A Argentina não costuma se dar bem com a Suécia em Copas. Seus piores desempenhos foram relacionados aos escandinavos. Em 2002, o empate eliminou prematuramente o ótimo elenco de Bielsa (leia aqui). Em 1958, não enfrentou a seleção da casa, mas de candidata ao título caiu também na primeira fase, sofrendo sua derrota mais elástica até hoje (6-1 para a Tchecoslováquia: veja aqui). Mas, objetivamente, a pior campanha foi na Copa 1934, ainda que moralmente tenha saído com alguma honra. A eliminação veio logo no primeiro jogo, em um 27 de maio, fazendo hoje 80 anos.

As trajetórias de Brasil e Argentina no primeiro mundial da Itália foram parecidas. Ambos se classificaram automaticamente pela desistência dos oponentes nas eliminatórias. E a preparação dos dois foi muito prejudicada pelo bate-boca entre as associações nacionais reconhecidas pela FIFA, que oficialmente eram amadoras (embora o chamado “amadorismo marrom”, o pagamento discreto aos jogadores, já fosse muito comum), e recentes ligas profissionais, formadas pelos clubes mais fortes.

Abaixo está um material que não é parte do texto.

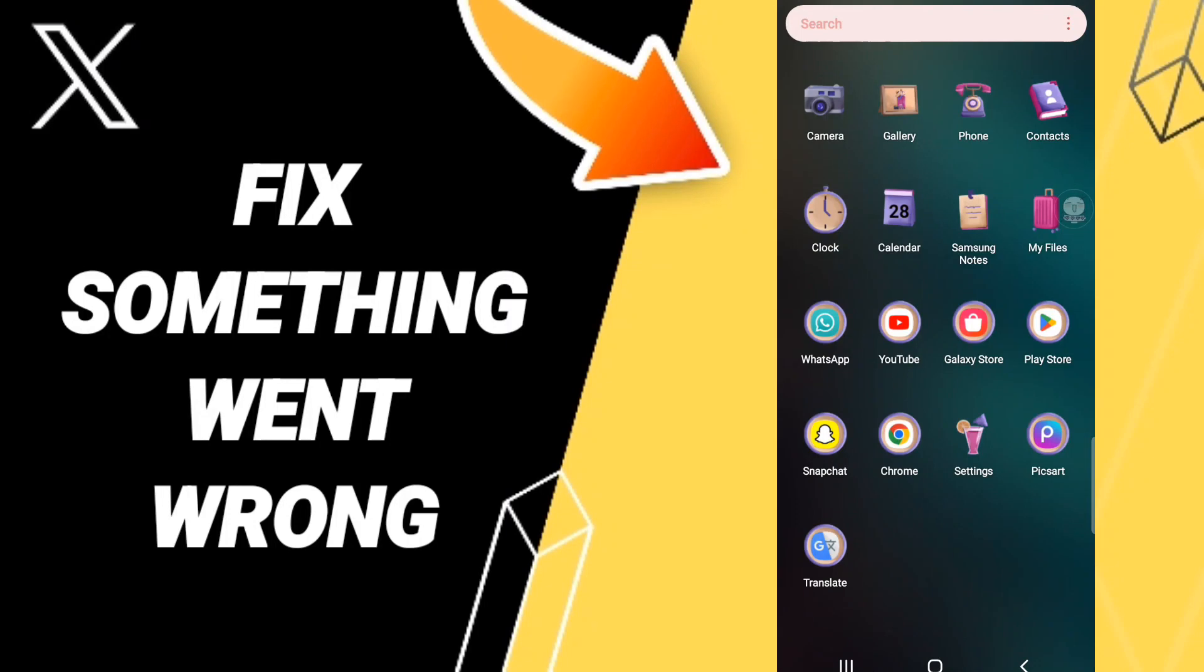Hello everyone. Today I will talk about how to fix or solve your Twitter app problem.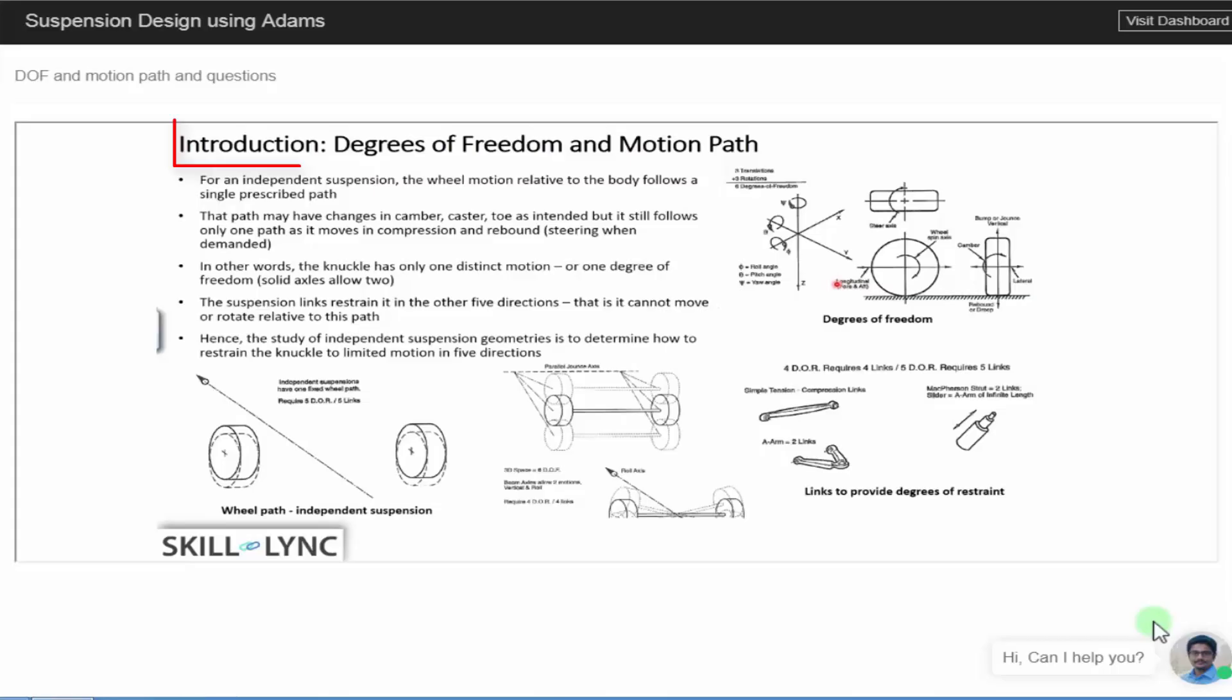In today's video, we are going to be looking at degrees of freedom and motion path. These are two important concepts that you need to familiarize yourselves with if you're interested in suspension kinematics.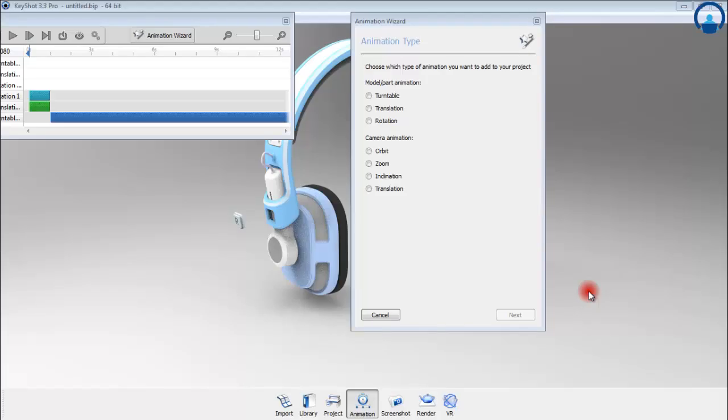Lesson 4: Camera Animation. Welcome to the camera animation tutorial for KeyShot. In this video, we will talk about the different types of animation that can be created within KeyShot.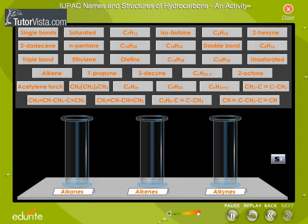This activity helps you to distinguish between the three types of hydrocarbons. You have three gas jars labelled alkanes, alkenes, and alkynes. There are items in boxes placed at the top of the screen. Identify whether each item belongs to an alkane, an alkene, or an alkyne, then drag and drop the item into its corresponding gas jar.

No Brasil, a ruptura veio em 1933. O time mais expressivo a manter-se amador àquela altura foi o Botafogo, que por isso foi a base dos convocados. E muitos dos não-botafoguenses foram aliciados pela CBD via o clube, ironicamente sob promessas de gordas recompensas. Três dos quatro são-paulinos, Armandinho, Sylvio Hoffmann e Waldemar de Brito (descobridor de Pelé e que em 1935 iria ao San Lorenzo), acabariam indo ao alvinegro após o mundial, sendo campeões cariocas em 1934. Assim como o vascaíno Leônidas da Silva e o atacante Patesko, que vinha do Nacional uruguaio.

Na Argentina, algo parecido se passou, apesar dos pedidos da própria FIFA e da Federação Italiana para que a seleção viesse com seus principais jogadores. Mas os clubes profissionais, dissidentes da associação argentina desde 1931, não cederam: uma preocupação era que, não sendo reconhecidos pela FIFA, não veriam nenhum dinheiro caso suas estrelas acabassem seduzidas por ofertas europeias e acabassem ficando pelo Velho Continente. No Brasil, o Palmeiras chegou a “sumir” com seus jogadores em concentrações diferentes a cada dia justamente por esse medo.

Assim, grandes astros argentinos não puderam disputar uma única Copa. Isto porque o país, descontente com a de 1938 ser novamente na Europa e não na América do Sul, onde presumia-se que os hermanos seriam anfitriões, desistiu de participar do mundial seguinte. E os astros dos anos 30 que ainda rendiam na década seguinte ficaram impedidos pela Segunda Guerra Mundial.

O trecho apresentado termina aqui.